(Data records)
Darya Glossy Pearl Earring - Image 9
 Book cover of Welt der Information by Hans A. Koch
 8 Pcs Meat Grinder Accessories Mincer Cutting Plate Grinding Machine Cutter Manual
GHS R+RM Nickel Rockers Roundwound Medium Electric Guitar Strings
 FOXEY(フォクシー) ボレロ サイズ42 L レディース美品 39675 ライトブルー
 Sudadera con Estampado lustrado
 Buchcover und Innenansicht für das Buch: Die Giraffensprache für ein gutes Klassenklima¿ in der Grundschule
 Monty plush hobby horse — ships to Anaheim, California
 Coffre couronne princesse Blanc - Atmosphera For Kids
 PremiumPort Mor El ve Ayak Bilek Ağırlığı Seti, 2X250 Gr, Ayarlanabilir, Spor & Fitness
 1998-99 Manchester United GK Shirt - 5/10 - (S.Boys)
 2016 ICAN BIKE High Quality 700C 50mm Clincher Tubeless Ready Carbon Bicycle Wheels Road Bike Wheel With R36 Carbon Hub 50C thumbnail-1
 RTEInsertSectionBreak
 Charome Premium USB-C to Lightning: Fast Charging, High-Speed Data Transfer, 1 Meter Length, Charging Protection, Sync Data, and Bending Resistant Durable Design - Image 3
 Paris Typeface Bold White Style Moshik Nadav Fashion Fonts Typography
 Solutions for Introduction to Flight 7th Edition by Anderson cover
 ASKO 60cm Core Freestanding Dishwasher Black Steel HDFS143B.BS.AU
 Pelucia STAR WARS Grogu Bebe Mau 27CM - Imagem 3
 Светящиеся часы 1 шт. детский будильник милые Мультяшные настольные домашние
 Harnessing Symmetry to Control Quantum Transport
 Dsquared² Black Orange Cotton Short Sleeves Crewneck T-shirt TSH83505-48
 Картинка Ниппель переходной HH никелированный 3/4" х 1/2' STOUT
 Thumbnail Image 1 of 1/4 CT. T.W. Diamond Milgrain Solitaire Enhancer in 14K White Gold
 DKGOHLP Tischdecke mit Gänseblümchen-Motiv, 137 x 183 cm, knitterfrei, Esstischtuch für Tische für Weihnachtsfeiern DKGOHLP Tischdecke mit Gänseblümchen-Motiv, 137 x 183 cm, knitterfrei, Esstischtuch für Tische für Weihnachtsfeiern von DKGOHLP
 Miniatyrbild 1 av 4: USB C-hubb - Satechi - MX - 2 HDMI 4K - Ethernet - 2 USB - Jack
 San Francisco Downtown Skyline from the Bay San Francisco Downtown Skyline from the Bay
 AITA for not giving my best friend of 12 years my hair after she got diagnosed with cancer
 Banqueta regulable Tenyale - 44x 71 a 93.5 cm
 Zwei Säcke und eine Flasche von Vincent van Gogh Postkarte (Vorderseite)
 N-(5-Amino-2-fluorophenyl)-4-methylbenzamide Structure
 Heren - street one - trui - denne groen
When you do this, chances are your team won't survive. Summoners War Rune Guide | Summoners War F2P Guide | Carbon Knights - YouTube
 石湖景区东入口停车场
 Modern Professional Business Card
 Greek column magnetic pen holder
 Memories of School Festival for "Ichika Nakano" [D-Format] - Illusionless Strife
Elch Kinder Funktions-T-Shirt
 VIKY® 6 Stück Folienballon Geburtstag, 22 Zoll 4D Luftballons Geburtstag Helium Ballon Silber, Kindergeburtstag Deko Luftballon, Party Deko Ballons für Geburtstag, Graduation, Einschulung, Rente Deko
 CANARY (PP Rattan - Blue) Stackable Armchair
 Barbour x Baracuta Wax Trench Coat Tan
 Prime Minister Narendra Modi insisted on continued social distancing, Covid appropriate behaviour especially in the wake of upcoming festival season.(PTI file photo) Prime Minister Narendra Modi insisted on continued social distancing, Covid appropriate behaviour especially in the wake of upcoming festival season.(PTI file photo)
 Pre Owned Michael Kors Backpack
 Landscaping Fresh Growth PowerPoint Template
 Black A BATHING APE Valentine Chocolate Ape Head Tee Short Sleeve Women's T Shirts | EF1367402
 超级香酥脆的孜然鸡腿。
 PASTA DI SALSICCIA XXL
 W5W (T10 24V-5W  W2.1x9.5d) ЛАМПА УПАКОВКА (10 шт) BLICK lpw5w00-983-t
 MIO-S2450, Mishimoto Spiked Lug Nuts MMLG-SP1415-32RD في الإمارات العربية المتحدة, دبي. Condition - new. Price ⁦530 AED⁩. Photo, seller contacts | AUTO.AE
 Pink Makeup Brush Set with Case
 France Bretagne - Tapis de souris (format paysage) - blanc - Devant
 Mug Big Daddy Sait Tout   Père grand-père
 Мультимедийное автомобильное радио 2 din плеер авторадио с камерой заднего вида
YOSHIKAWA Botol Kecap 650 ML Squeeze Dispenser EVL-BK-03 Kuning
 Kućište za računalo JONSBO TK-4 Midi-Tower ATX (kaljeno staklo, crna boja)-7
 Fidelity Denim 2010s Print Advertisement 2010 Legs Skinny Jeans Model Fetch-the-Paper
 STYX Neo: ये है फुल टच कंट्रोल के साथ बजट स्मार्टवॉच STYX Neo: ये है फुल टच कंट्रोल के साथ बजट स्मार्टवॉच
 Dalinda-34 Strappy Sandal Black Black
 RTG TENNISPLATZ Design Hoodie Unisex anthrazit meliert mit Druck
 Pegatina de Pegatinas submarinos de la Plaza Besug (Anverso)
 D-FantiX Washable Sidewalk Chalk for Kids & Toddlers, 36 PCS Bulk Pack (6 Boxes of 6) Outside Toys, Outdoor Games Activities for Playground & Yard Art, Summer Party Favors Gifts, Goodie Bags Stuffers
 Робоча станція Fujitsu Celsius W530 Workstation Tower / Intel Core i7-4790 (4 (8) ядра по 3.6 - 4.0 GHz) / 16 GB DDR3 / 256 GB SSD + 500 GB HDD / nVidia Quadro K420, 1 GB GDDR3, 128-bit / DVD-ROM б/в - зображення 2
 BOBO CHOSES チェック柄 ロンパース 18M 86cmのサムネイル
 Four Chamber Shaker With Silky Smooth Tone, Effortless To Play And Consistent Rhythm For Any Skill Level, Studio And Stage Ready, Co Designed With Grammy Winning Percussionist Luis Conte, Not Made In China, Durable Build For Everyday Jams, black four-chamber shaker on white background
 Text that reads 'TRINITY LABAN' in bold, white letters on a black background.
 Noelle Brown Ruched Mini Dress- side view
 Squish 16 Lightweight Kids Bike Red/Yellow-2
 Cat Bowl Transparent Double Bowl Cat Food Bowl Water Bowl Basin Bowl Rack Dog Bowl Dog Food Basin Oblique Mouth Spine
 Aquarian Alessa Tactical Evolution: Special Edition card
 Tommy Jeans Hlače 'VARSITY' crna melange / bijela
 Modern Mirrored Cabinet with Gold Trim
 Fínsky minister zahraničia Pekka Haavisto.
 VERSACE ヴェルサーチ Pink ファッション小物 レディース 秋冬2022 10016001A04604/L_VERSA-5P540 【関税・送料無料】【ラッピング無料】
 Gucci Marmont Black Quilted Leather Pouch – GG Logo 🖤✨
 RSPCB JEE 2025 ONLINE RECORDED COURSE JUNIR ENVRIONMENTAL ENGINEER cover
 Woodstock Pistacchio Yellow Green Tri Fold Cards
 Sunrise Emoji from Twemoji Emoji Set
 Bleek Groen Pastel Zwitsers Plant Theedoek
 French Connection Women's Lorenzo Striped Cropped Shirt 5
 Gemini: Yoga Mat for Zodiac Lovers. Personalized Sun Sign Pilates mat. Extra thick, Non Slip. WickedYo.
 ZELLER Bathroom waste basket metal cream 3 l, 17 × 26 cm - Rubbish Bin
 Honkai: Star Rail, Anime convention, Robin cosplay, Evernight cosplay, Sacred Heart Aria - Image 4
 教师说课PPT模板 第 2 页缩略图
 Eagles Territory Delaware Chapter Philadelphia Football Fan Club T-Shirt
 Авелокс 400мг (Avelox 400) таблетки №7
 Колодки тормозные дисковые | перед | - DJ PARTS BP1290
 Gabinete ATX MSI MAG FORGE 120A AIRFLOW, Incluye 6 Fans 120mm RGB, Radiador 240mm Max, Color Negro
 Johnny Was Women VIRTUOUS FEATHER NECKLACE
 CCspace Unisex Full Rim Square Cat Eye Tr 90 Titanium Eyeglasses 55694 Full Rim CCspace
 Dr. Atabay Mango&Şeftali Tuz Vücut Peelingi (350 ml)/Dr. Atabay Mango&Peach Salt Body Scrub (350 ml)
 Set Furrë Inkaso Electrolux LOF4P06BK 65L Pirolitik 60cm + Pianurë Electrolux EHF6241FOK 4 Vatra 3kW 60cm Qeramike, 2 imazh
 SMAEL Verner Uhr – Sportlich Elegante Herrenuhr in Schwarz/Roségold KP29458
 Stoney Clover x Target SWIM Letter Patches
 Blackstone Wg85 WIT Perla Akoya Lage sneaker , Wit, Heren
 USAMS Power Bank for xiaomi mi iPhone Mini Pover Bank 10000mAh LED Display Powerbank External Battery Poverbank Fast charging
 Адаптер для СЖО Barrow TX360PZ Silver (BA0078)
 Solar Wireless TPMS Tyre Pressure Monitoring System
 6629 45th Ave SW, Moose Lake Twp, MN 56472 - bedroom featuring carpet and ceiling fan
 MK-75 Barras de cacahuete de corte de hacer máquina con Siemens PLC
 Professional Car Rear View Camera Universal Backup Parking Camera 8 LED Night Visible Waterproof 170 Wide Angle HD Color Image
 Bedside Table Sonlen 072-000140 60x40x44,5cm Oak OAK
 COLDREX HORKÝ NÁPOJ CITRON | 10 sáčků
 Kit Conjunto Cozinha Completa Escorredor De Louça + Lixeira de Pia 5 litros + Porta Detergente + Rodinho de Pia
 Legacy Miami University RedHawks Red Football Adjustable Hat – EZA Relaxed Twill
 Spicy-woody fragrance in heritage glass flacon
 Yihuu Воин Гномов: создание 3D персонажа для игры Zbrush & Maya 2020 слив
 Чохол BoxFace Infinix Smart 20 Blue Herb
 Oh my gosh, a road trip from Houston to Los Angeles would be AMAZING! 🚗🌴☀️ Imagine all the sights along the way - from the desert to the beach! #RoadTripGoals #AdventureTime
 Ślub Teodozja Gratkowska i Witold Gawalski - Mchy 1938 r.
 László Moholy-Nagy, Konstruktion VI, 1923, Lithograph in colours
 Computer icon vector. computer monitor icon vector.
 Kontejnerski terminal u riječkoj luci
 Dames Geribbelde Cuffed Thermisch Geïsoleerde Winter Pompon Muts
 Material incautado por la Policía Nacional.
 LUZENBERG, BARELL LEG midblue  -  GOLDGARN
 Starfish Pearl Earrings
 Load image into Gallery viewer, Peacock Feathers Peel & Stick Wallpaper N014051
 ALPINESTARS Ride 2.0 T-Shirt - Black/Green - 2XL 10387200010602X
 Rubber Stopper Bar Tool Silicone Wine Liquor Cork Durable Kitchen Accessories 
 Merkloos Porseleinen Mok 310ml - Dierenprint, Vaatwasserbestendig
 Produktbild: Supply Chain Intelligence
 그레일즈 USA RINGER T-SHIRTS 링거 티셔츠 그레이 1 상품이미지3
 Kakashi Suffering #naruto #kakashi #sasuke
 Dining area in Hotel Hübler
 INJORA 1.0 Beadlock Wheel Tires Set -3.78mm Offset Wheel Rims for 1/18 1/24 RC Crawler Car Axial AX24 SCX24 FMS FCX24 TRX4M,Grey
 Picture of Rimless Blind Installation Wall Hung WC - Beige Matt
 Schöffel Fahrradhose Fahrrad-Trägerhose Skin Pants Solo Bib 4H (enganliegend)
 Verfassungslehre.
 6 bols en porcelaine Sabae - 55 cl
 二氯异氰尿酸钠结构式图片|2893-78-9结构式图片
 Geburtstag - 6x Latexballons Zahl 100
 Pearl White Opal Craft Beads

Exercise directions: Could you write out, exactly as they stand, only the lines above that begin at the line with "Black A BATHING" and stop after the line with "France Bretagne - Tapis"?

Finished task:
 Black A BATHING APE Valentine Chocolate Ape Head Tee Short Sleeve Women's T Shirts | EF1367402
 超级香酥脆的孜然鸡腿。
 PASTA DI SALSICCIA XXL
 W5W (T10 24V-5W  W2.1x9.5d) ЛАМПА УПАКОВКА (10 шт) BLICK lpw5w00-983-t
 MIO-S2450, Mishimoto Spiked Lug Nuts MMLG-SP1415-32RD في الإمارات العربية المتحدة, دبي. Condition - new. Price ⁦530 AED⁩. Photo, seller contacts | AUTO.AE
 Pink Makeup Brush Set with Case
 France Bretagne - Tapis de souris (format paysage) - blanc - Devant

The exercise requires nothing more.